### What you should do:
With pictures omitted, restate the data word for word.

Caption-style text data
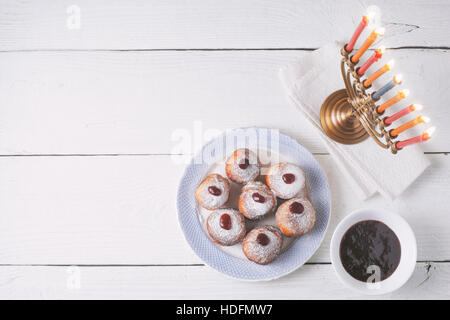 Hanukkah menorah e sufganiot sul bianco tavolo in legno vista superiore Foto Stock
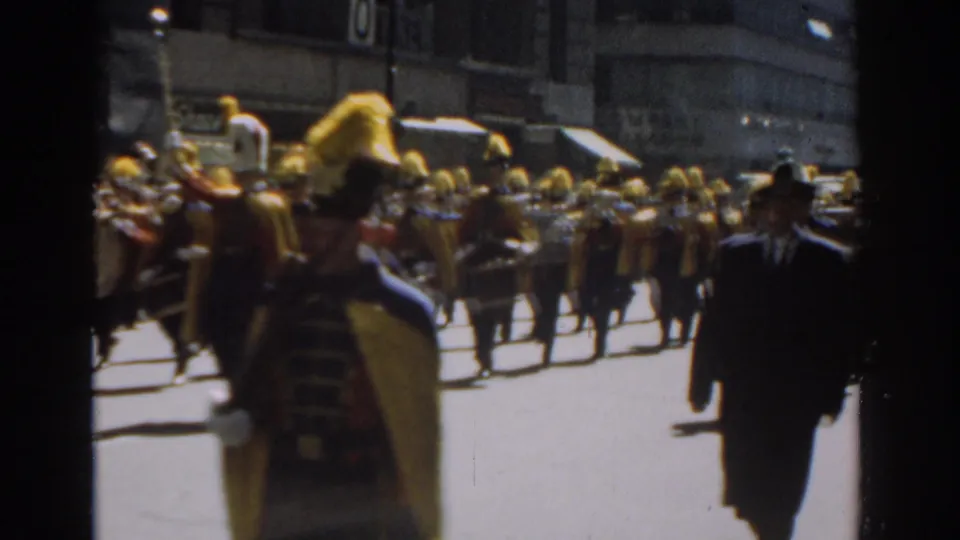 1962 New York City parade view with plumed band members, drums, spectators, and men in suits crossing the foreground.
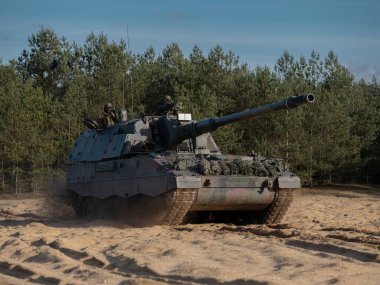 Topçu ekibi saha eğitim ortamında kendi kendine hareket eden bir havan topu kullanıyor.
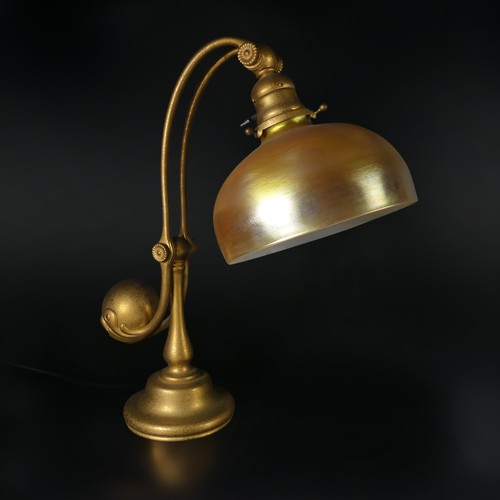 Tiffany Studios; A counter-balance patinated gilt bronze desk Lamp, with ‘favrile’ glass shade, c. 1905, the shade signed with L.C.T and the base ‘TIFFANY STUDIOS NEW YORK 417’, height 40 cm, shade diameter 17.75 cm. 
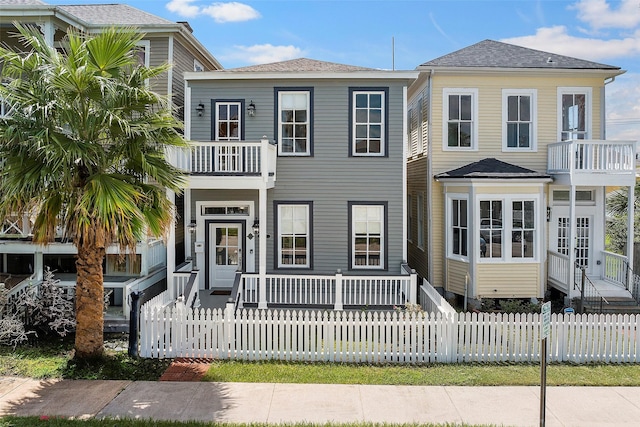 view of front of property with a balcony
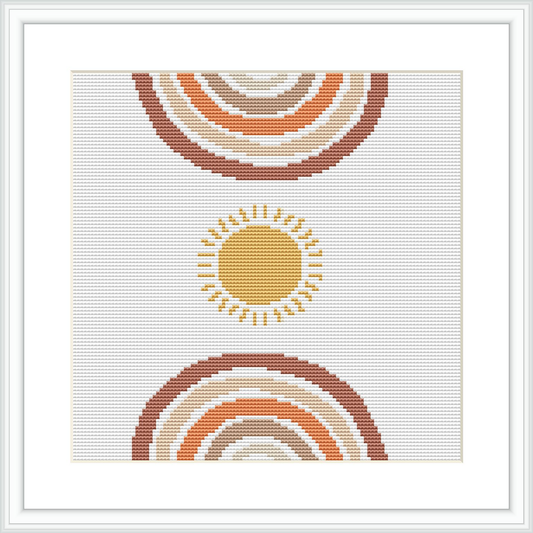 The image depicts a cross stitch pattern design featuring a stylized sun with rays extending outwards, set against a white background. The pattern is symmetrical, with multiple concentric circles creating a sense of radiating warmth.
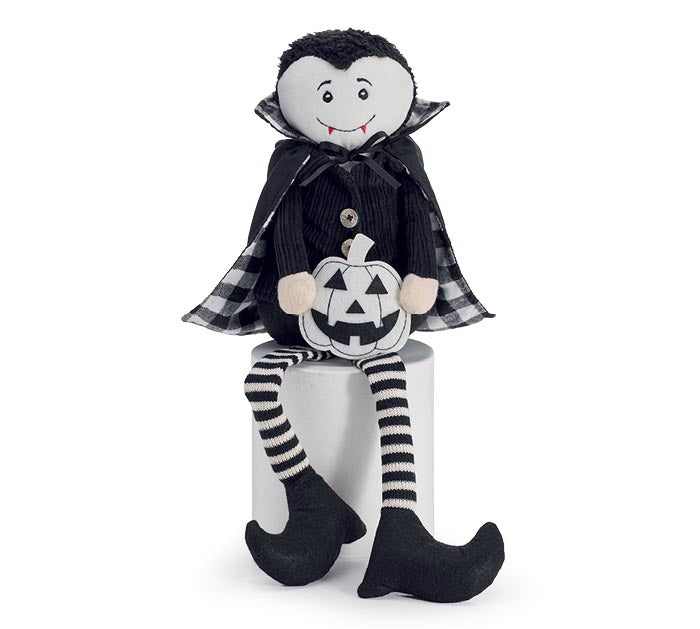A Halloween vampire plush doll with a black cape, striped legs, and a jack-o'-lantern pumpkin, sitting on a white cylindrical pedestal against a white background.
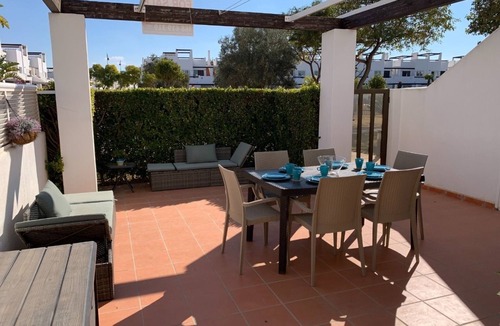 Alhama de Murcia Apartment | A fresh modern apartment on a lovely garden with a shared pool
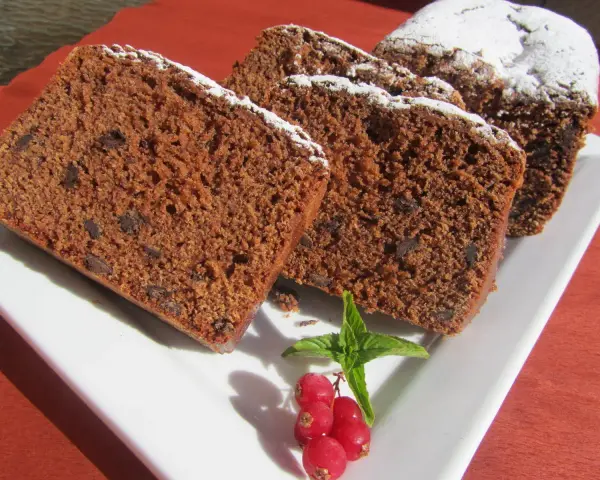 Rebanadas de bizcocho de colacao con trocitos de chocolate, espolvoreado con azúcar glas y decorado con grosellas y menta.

### Exercise result:
 Hanukkah menorah e sufganiot sul bianco tavolo in legno vista superiore Foto Stock
 1962 New York City parade view with plumed band members, drums, spectators, and men in suits crossing the foreground.
 Topçu ekibi saha eğitim ortamında kendi kendine hareket eden bir havan topu kullanıyor.
 Tiffany Studios; A counter-balance patinated gilt bronze desk Lamp, with ‘favrile’ glass shade, c. 1905, the shade signed with L.C.T and the base ‘TIFFANY STUDIOS NEW YORK 417’, height 40 cm, shade diameter 17.75 cm. 
 view of front of property with a balcony
 The image depicts a cross stitch pattern design featuring a stylized sun with rays extending outwards, set against a white background. The pattern is symmetrical, with multiple concentric circles creating a sense of radiating warmth.
A Halloween vampire plush doll with a black cape, striped legs, and a jack-o'-lantern pumpkin, sitting on a white cylindrical pedestal against a white background.
 Alhama de Murcia Apartment | A fresh modern apartment on a lovely garden with a shared pool
 Rebanadas de bizcocho de colacao con trocitos de chocolate, espolvoreado con azúcar glas y decorado con grosellas y menta.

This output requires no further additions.